Outras informações também estão ajudando a conhecer melhor a enfermidade. Sabe-se,por exemplo, que ela é mais comum entre as mulheres, Uma das hipóteses que explicariam essa constatação é o fato de que, historicamente, o papel das compras sempre foi atribuído a elas. Portanto, as mulheres estariam mais “expostas” ao objeto da compulsão. “Também é reconhecido que a oneomania, em geral, aparece quando o indivíduo atinge certa independência financeira”, diz a psicóloga Ângela Duque, do Serviço de Psiquiatria da Santa Casa carioca.

Uma das grandes dificuldades no entendimento da patologia, porém, é reconhecer quando ela se torna uma doença. Hoje, a psiquiatria define alguns parâmetros que ajudam nesta tarefa. O primeiro é verificar se o hábito – no caso, comprar demais – está trazendo prejuízo à vida pessoal, profissional e social. Alguém que está devendo muito e mesmo assim não consegue parar de comprar já está doente. Outro indicativo é o próprio sentimento experimentado pelo indivíduo. “Se após as compras a euforia dá lugar à vergonha, à culpa ou ao arrependimento, pode ser um sinal da compulsão”, explica Analice.

Outro obstáculo já detectado pelos especialistas é a relutância dos portadores em procurar auxílio médico. Na opinião da psicóloga Juliana Bizeto, coordenadora do ambulatório de transtornos não-químicos da Unifesp, isso ocorre muito em razão de a compulsão por compras ser um transtorno mais aceito socialmente, diferentemente do alcoolismo ou da dependência de drogas. Ou seja, nem o doente nem sua família entendem que é uma enfermidade e que, como tal, deve ser tratada.

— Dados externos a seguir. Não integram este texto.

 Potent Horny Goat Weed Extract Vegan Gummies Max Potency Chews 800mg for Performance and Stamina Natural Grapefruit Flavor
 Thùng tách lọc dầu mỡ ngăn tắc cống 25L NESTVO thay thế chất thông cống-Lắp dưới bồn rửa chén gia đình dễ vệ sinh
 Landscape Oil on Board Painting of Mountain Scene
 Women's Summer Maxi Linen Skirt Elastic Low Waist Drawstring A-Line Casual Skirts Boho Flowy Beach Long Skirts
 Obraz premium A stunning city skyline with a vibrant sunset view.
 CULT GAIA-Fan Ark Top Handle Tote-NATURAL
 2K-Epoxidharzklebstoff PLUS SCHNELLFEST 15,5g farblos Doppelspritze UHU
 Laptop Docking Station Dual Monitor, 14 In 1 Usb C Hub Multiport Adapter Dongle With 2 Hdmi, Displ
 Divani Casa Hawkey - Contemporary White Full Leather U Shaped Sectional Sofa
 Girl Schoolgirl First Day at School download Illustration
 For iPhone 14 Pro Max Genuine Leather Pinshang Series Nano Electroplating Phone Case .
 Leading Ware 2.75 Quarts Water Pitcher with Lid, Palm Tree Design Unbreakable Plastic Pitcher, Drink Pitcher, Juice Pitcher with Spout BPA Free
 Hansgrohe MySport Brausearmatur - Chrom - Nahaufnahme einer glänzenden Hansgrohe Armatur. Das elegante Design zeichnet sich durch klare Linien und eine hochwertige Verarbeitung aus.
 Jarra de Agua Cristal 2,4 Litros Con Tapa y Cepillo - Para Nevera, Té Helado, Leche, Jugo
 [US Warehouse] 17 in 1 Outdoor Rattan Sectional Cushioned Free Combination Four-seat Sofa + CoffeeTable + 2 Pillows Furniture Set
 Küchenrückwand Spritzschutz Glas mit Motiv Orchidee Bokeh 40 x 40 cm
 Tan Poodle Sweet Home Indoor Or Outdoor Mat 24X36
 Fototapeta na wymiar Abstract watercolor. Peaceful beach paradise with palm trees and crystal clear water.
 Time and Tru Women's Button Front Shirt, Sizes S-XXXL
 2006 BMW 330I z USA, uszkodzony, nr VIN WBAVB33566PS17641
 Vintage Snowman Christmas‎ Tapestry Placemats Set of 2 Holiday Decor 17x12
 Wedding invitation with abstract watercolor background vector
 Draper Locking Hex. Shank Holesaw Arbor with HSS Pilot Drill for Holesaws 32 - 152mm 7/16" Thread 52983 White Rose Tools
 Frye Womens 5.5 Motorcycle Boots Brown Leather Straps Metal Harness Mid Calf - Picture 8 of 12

Esta falta de percepção é um equívoco lamentável. “As pessoas precisam saber que a doença existe para evitar o sofrimento desnecessário. Com o tratamento, alcançamos bons resultados”, garante o psiquiatra Hermano Tavares. Hoje, as opções de tratamentos baseiam-se em psicoterapia, medicação (antidepressivos e ansiolíticos) e no treinamento do paciente para que ele aprenda a usar melhor o dinheiro. “Ninguém pode passar o resto da vida sem comprar. Por isso, o aprendizado de como lidar com o problema é tão importante”, explica a psicóloga Ângela.